Il neuromarketing è ormai una materia di studio – e di applicazione – che riscuote attenzioni a ogni latitudine. Si può perfino dire che sia uno dei protagonisti indiscussi del mercato del XXI secolo. In un recente articolo sul neuromarketing, Forbes ha provato a sintetizzare così il suo campo di applicazione: «Il comportamento – in particolare, quello dei clienti – si fonda sulle emozioni. La lunghezza e la qualità della relazione tra brand e clienti sono influenzate dal tipo di esperienza emozionale che essi vivono». Un’esperienza che può essere mono o multisensoriale: visuale, auditiva, cinestetica, ecc.
La chimica del neuromarketing
Sì, il neuromarketing è anche una questione di chimica. Ogni attività recepita come positiva stimola il cervello, favorendo il rilascio di serotonina, dopamina e ossitocina nel sistema nervoso. Il risultato è un generale senso di calma e benessere, che aumenta l’attenzione e la ricettività fino a elevare un prospect a cliente fidelizzato.
Le attività di ricerca fisico-comportamentale sono sempre più richieste, nel tentativo delle aziende di definire approcci che si rivolgano al cliente con maggiore efficacia. A tal riguardo si possono citare l’Emotion Response Analysis (ERA), elettroencefalogrammi (EEG) o pupillometrie, test di associazione implicita, eye tracking e perfino risonanze magnetiche funzionali (fMRI).

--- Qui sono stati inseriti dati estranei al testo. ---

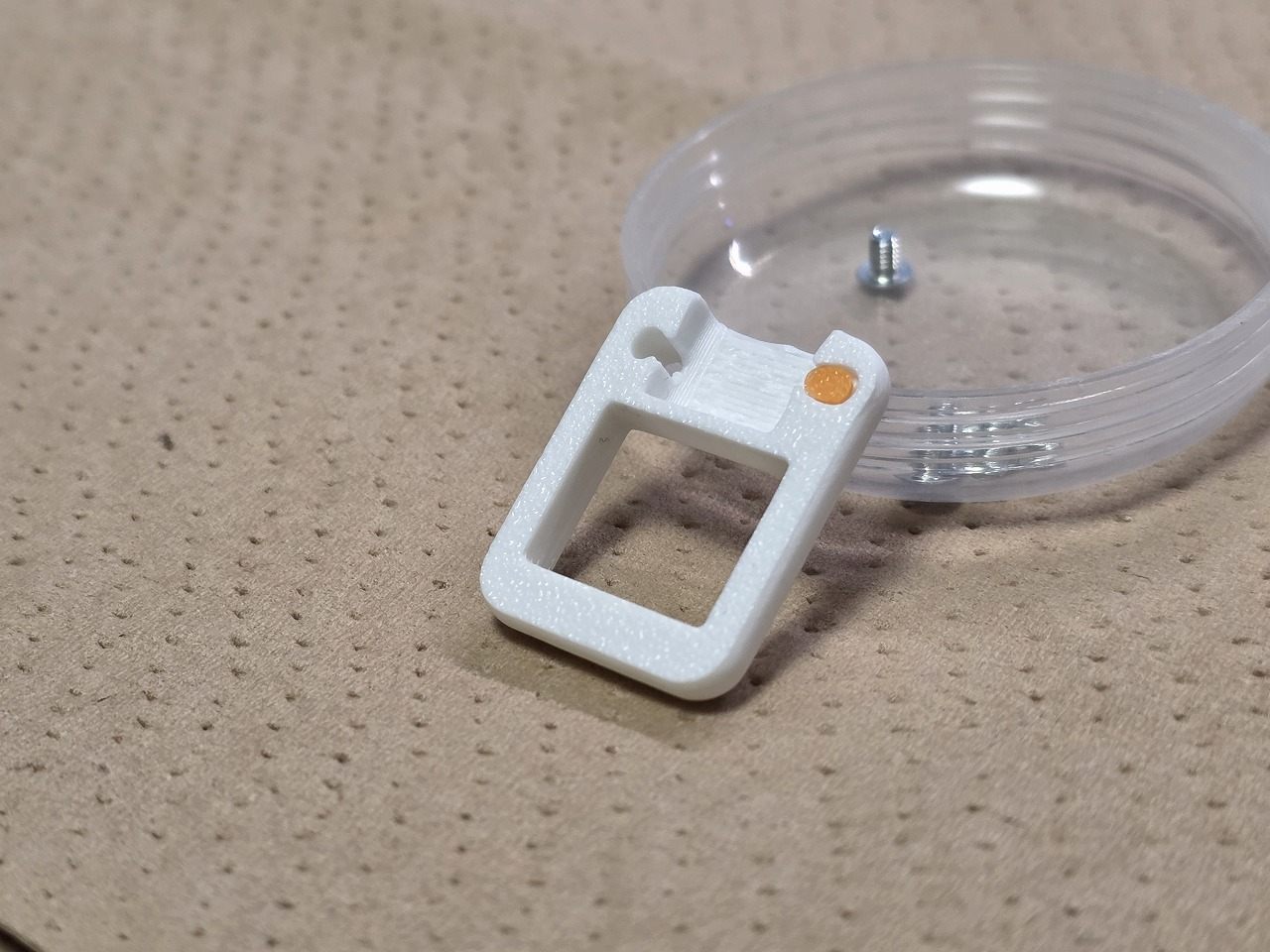 XIAOカバー裏側に収まったリセットボタン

Esempi di neuromarketing visuale
Uno dei casi più celebri tra i neuromarketer è senza dubbio quello che ha coinvolto Frito-Lay. Per spiegare la notevole differenza quantitativa tra la clientela maschile e quella femminile, nel 2009 l’azienda si affidò al neuromarketing. Vennero quindi evidenziate motivazioni preziose: la conformazione anatomica del cervello femminile consente l’elaborazione di messaggi pubblicitari più complessi, pur venendo stimolato maggiormente dall’identificazione con influencer. Al contempo, il senso di colpa nell’acquisto del prodotto era esaltato anche dai colori e dal layout del packaging.
Il brand rispose con nuovi imballaggi meno impattanti e con la campagna di comunicazione “Only in a Woman’s World”, arricchita da una web-serie con un cast di ambassador femminili. In sei mesi, il piano di PR ottenne oltre 195 milioni di impression positive, le vendite aumentarono oltre le aspettative e la presenza delle donne nei reparti monitorati di snack crebbe dell’1,8%.
Marketing in tutti i sensi
Il neuromarketing è stato messo alla prova anche attraverso gli altri sensi. Si pensi all’esperienza tattile che ogni utente affronta in un negozio di tecnologia. Tra i precursori troviamo Apple, uno dei primi brand a intuire la chance di aumentare la customer loyalty e satisfaction tramite un’esperienza tattile, disegnando Apple Store ad hoc per questo scopo.
Altri brand hanno invece puntato sull’olfatto, uno dei sensi più potenti nell’attivazione cerebrale. Nell’elenco spicca Cinnabon. L’azienda di bakery ha strutturato i suoi negozi per posizionare i forni vicino all’ingresso e catturare i clienti con l’odore di roll di cannella in cottura: un profumo che crea un forte impatto emozionale, con una subconscia sensazione di armonia e casa.
C’è pure chi ha approfondito i cambiamenti decisionali dovuti all’udito. Proprio come nella sezione vini francesi e tedeschi dei negozi di Fan Mallorca Shopping – brand spagnolo –, dove tale connessione si evidenziò maggiormente. Nel 2006 una ricerca sottolineò che il 77% del vino venduto era francese quando negli altoparlanti risuonava musica francofona; al contrario, la percentuale di vino tedesco nelle vendite saliva al 73% quando veniva trasmessa una playlist tedesca. E il 95% dei clienti dichiarò di non aver nemmeno notato il tipo di musica in sottofondo.